> **EXTRACTED DATA**:
##########

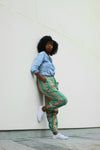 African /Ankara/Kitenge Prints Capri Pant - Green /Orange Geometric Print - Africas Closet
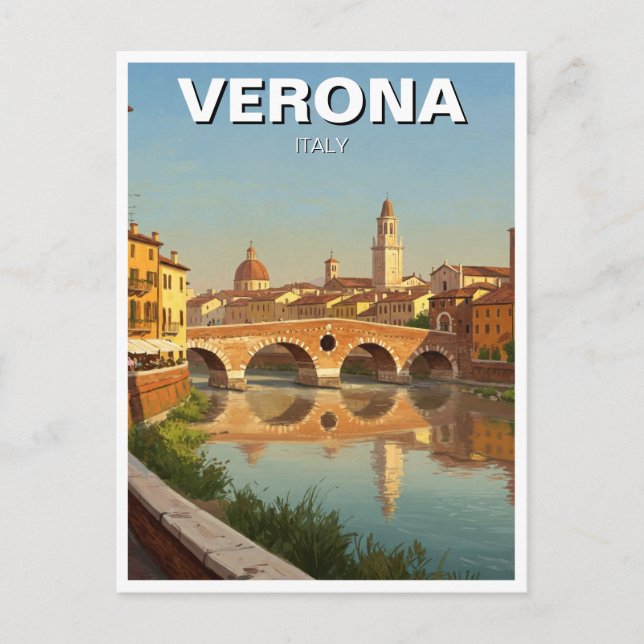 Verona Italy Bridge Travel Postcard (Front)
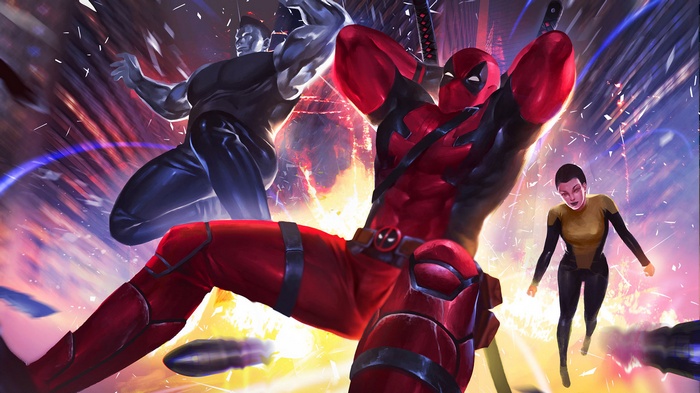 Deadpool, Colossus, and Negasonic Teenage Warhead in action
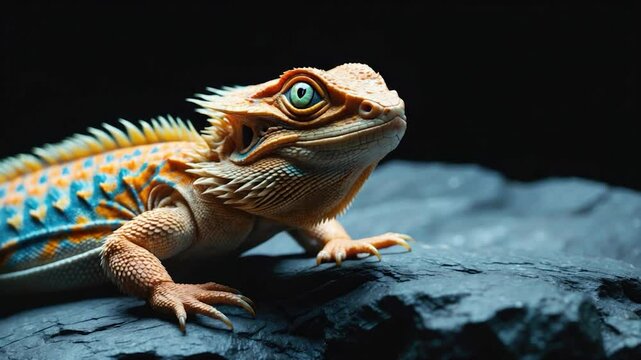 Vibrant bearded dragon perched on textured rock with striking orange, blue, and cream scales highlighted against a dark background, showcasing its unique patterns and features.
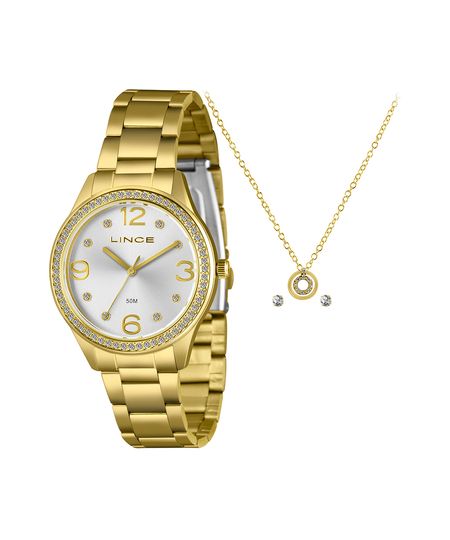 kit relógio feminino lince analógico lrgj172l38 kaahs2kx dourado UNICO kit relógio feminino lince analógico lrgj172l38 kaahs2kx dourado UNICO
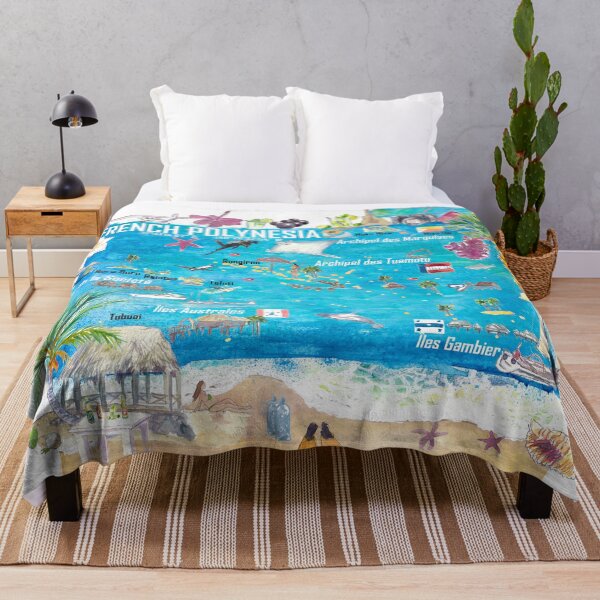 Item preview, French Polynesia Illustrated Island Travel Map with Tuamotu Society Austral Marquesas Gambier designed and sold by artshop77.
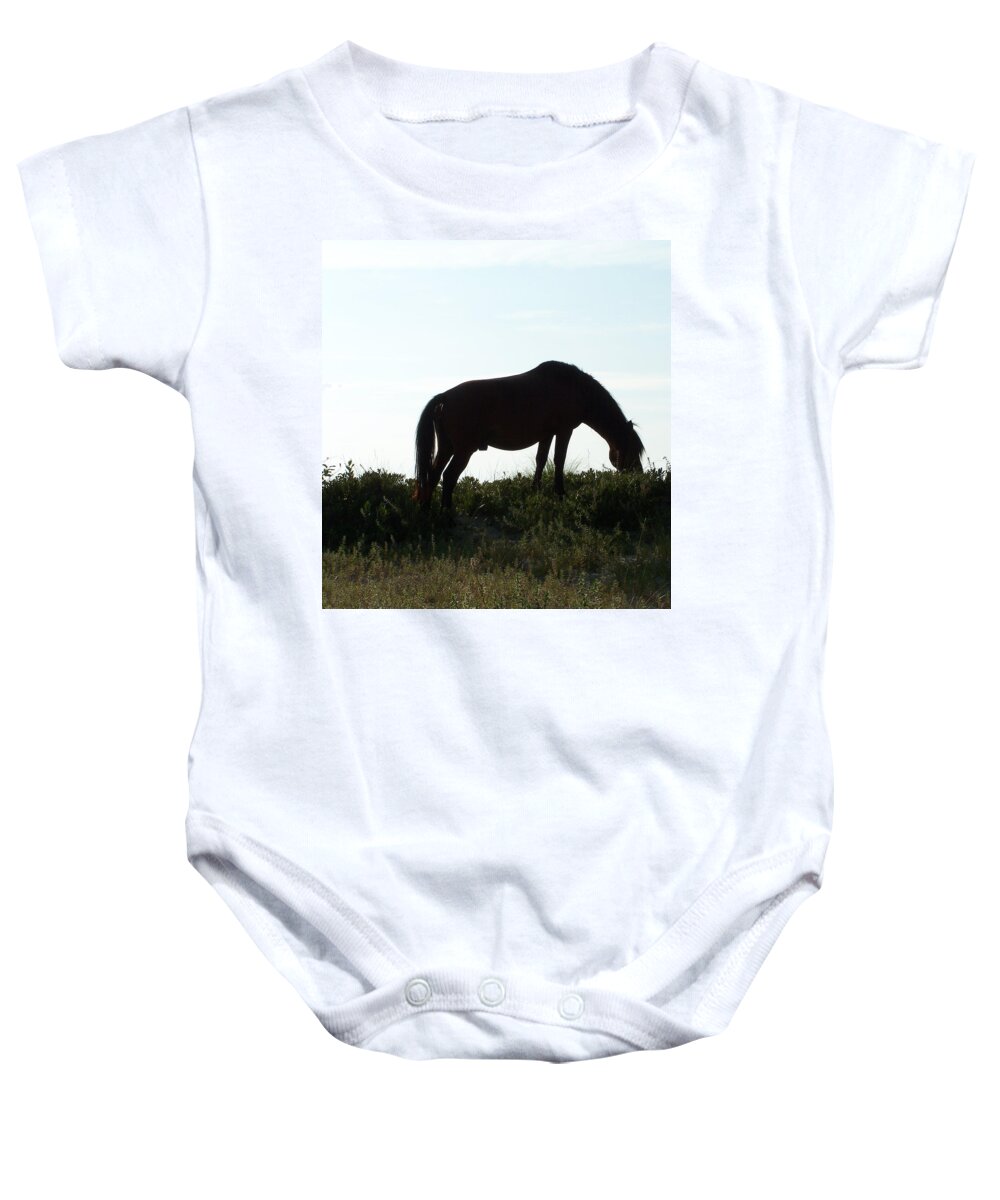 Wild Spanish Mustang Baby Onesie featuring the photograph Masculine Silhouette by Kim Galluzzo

##########

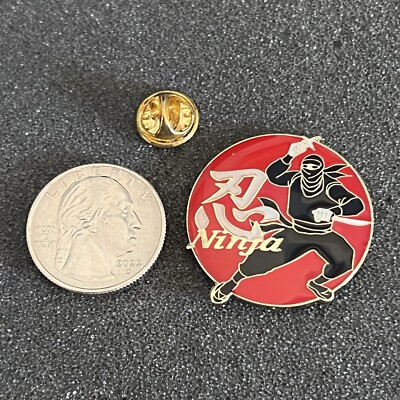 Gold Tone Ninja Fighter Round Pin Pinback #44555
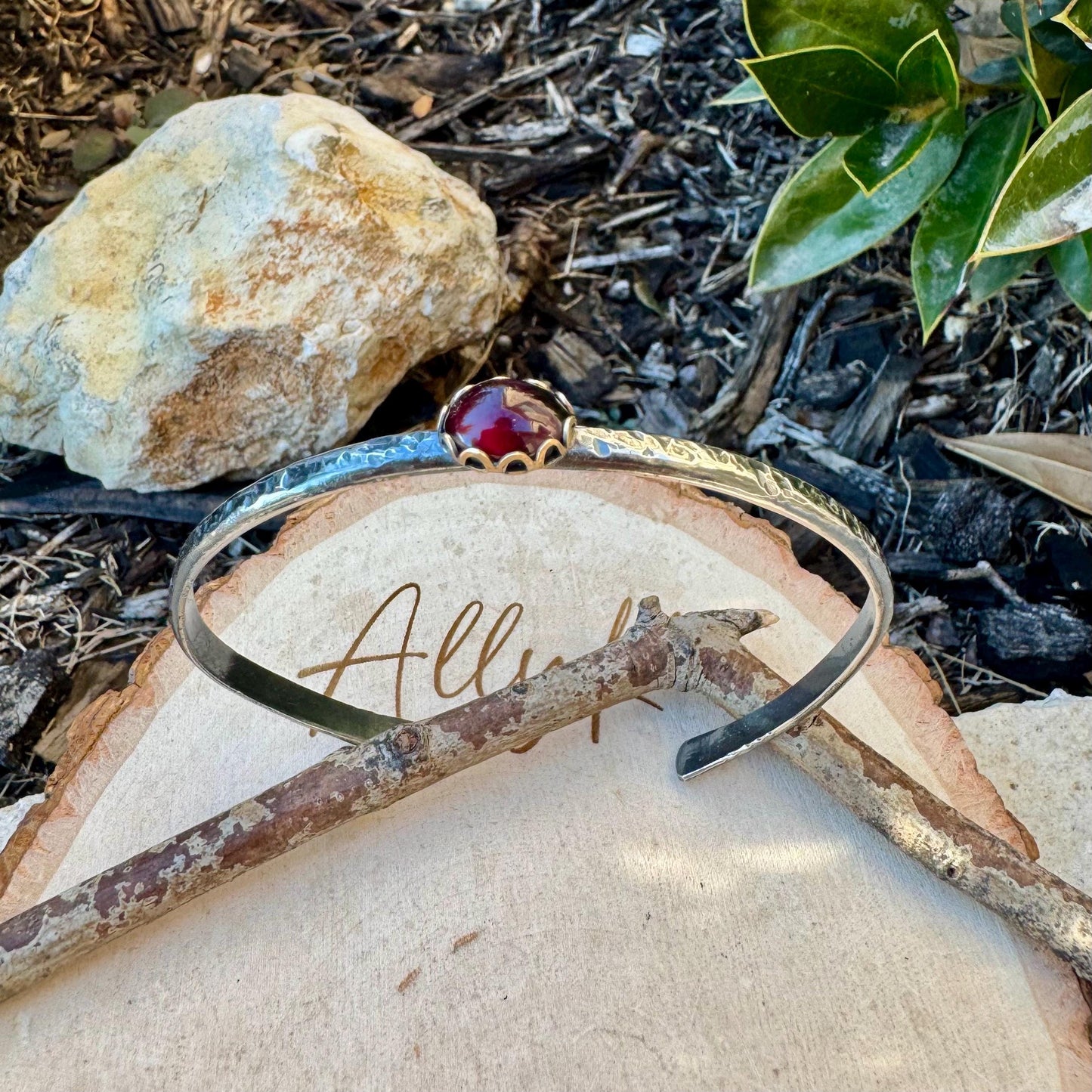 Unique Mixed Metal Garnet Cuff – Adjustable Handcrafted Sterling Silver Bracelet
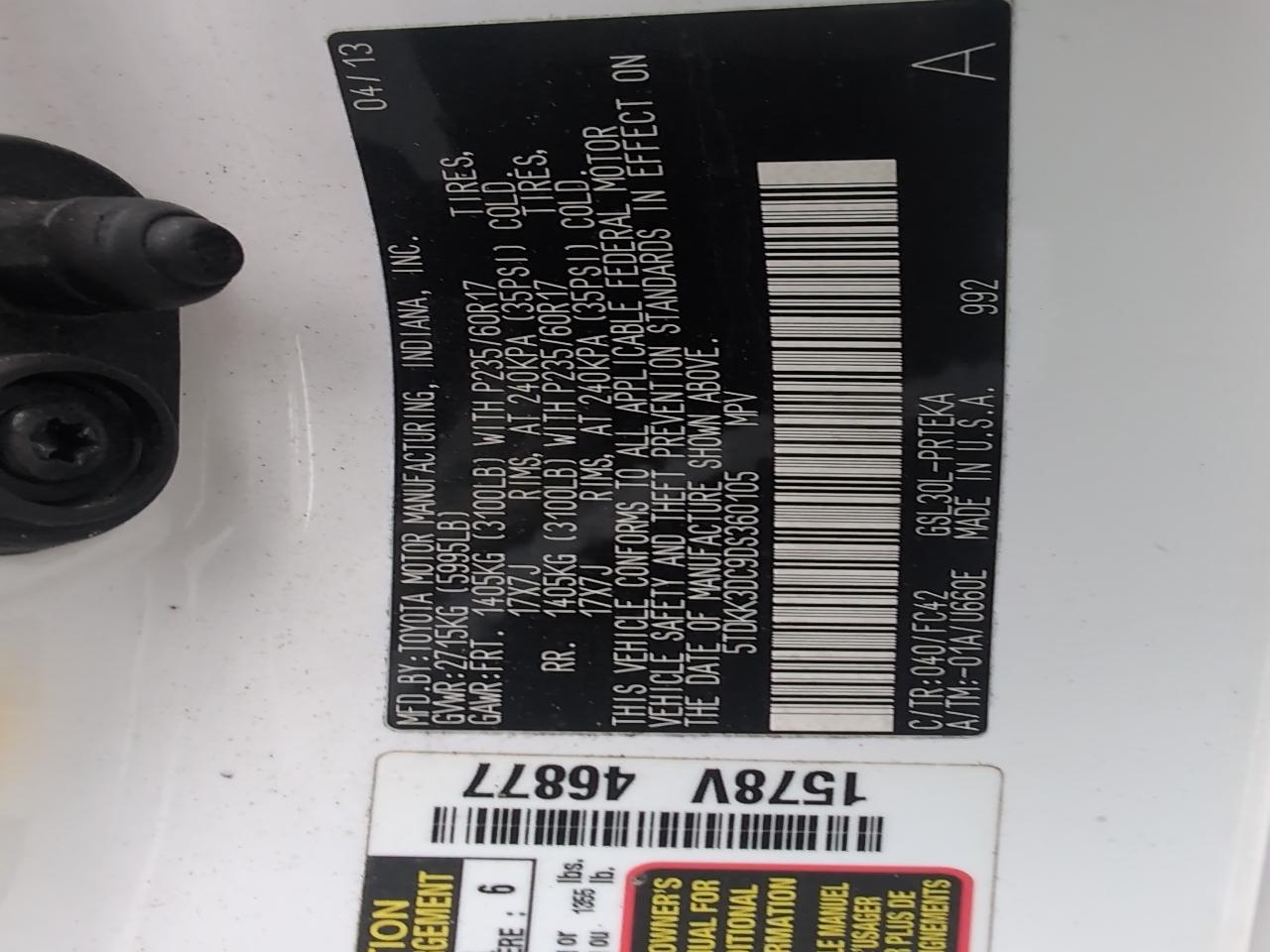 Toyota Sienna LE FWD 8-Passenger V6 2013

##########

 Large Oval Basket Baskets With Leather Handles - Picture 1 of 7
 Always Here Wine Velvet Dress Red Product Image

##########

> **DESCRIPTION OF THE TASK**:
Above this task is a listing with pictures in it. Retype only the lines from the one containing "African /Ankara/Kitenge Prints" through the one containing "Wild Spanish Mustang", both included, and not the pictures.

> **SOLUTION FOR THIS EXERCISE**:
 African /Ankara/Kitenge Prints Capri Pant - Green /Orange Geometric Print - Africas Closet
 Verona Italy Bridge Travel Postcard (Front)
 Deadpool, Colossus, and Negasonic Teenage Warhead in action
 Vibrant bearded dragon perched on textured rock with striking orange, blue, and cream scales highlighted against a dark background, showcasing its unique patterns and features.
 kit relógio feminino lince analógico lrgj172l38 kaahs2kx dourado UNICO kit relógio feminino lince analógico lrgj172l38 kaahs2kx dourado UNICO
 Item preview, French Polynesia Illustrated Island Travel Map with Tuamotu Society Austral Marquesas Gambier designed and sold by artshop77.
 Wild Spanish Mustang Baby Onesie featuring the photograph Masculine Silhouette by Kim Galluzzo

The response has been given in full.